Civil society gathered in force in Belém in the days that preceded the Amazon Summit in order to show the importance of their participation in public policies and COP30

For three days, representatives from civil society participated in the Amazon Dialogues, in Belém, in an effort to outline new strategies aimed at sustainability and development in the region. The result, in documents and letters, was shared with the presidents from the Pan-Amazon Region, who participated in the Amazon Summit, an event that that happened after the Dialogues. Partners from the Institute for Climate and Society (iCS) participated in a series of plenary sessions with contributions in different areas. The Amazon Dialogues involved approximately 27,000 people in the capital of Pará.

One of the documents delivered to the global leaders was the Letter from the Indigenous Peoples of the Amazon. The material included recommendations from the indigenous peoples about how to avoid, for example, the environmental and climate collapse of the region, and allowed the basic demands to reach the decision-makers.

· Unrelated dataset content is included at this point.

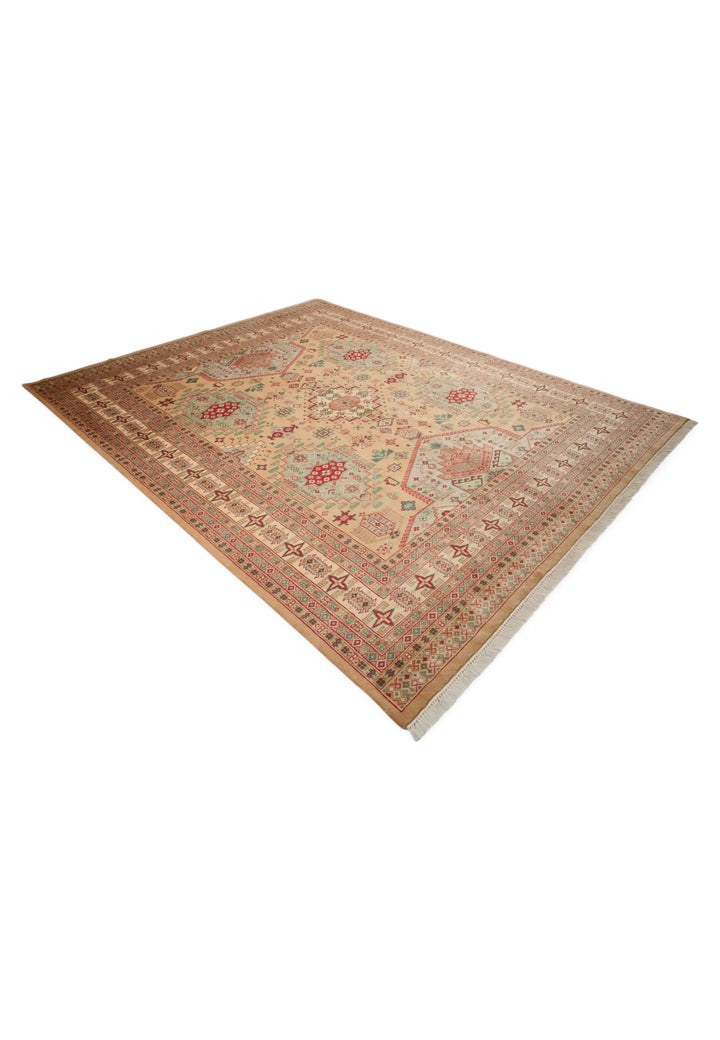 Camel and Coral Caucasian Medallion, Hand-Knotted Wool Rug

The partners also contributed by encouraging the plurality of the debate in the plenary sessions. With the participation of indigenous leaders and traditional communities from other states, via COIAB (Coordination of the Indigenous Organizations of the Brazilian Amazon) and PSA (Health and Happiness Project), there was an exchange of experiences for the reconstruction of public policies. The debate also expanded to topics about just energy transition, the threat of oil and gas in the Pan-Amazon Region and the challenges for the training of workers in green jobs, in events held by the Arayara Institute, ClimaInfo and Dieese.

The subject of climate litigation was also highlighted through events that introduced topics such as combating land grabbing in the Amazon, climate damage and land planning for zero deforestation. Among the partners who participated were CPI/PUC-Rio, Imazon, Ipam and CCCA (Center for Climate Crime Analysis). Other grantees also took part in a parallel event to the Dialogues, such as the 1st Judicial Summit of the Amazon Region, organized by the CNJ (National Council of Justice) and the Court of Appeals of Pará. The meeting contributed to mobilizing the environmental and climate agenda in the Judiciary of Pará.

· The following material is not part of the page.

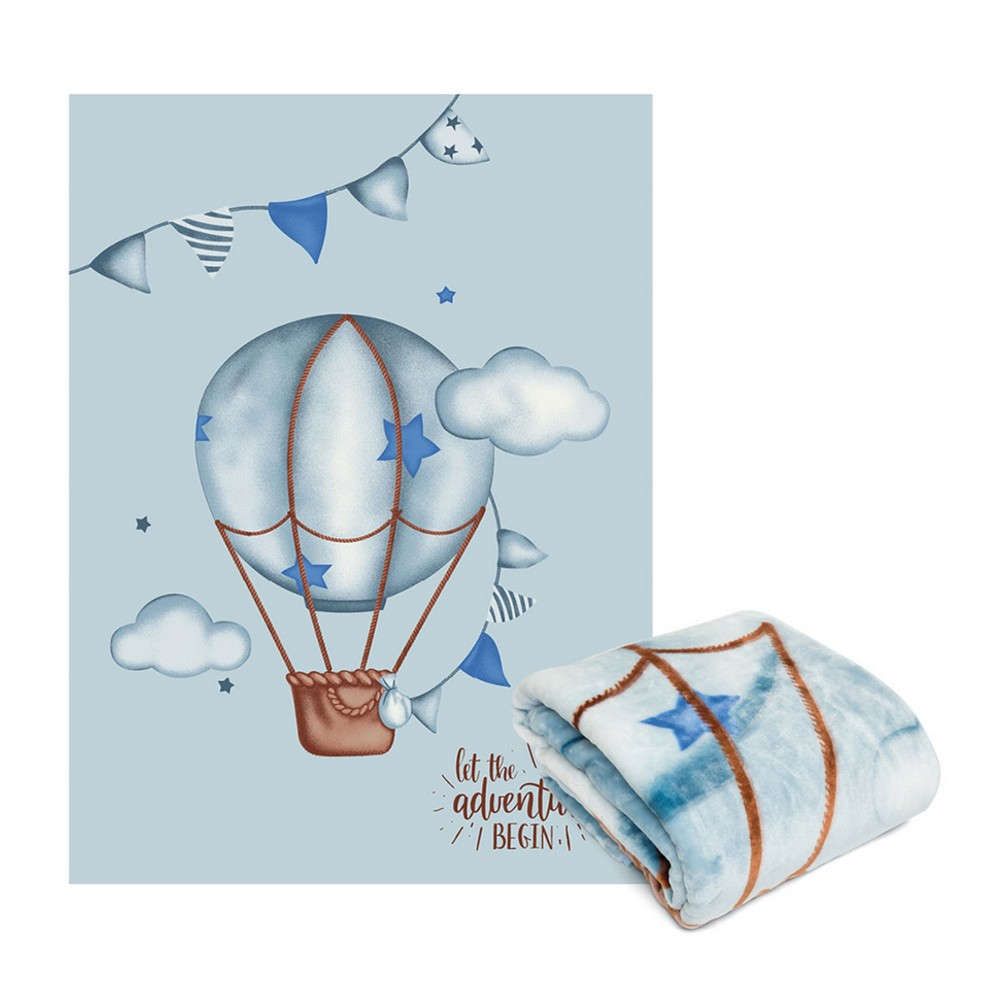 Παιδική κουβέρτα βελουτέ μονή Αερόστατο ciel borea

Panel Climate damage and territory: perspective of justice for the people of the Amazon / Credit: Linkedin Ciro Brito

Food Systems was also a recurring topic and iCS grantees actively participated, highlighting Cátedra Josué de Castro, Imaflora, Instituto Comida do Amanhã, Instituto Regenera e Fronteiras do Desenvolvimento, and Instituto Fome Zero. While the first two promoted parallel events and placed the issue of livestock farming at the center of the debate about the development and deforestation in the Amazon, Comida do Amanhã, Regenera and Fronteiras held debates with representatives from several Amazon Region City Halls about the role of local food policies and food security.

The high level of food insecurity in the Amazon Region as a whole, not just the Brazilian Amazon, and which affects everything from indigenous peoples to small farmers, was highlighted in the participation of Fome Zero. iCS and its partners were also able to mobilize more than 300 people from the Movement of Small Farmers (MPA) and from CONTAG, who attended the plenary sessions about agriculture and food security, demanding the urgency of the land regularization in the region, the defense of rights and greater assistance for small farmers.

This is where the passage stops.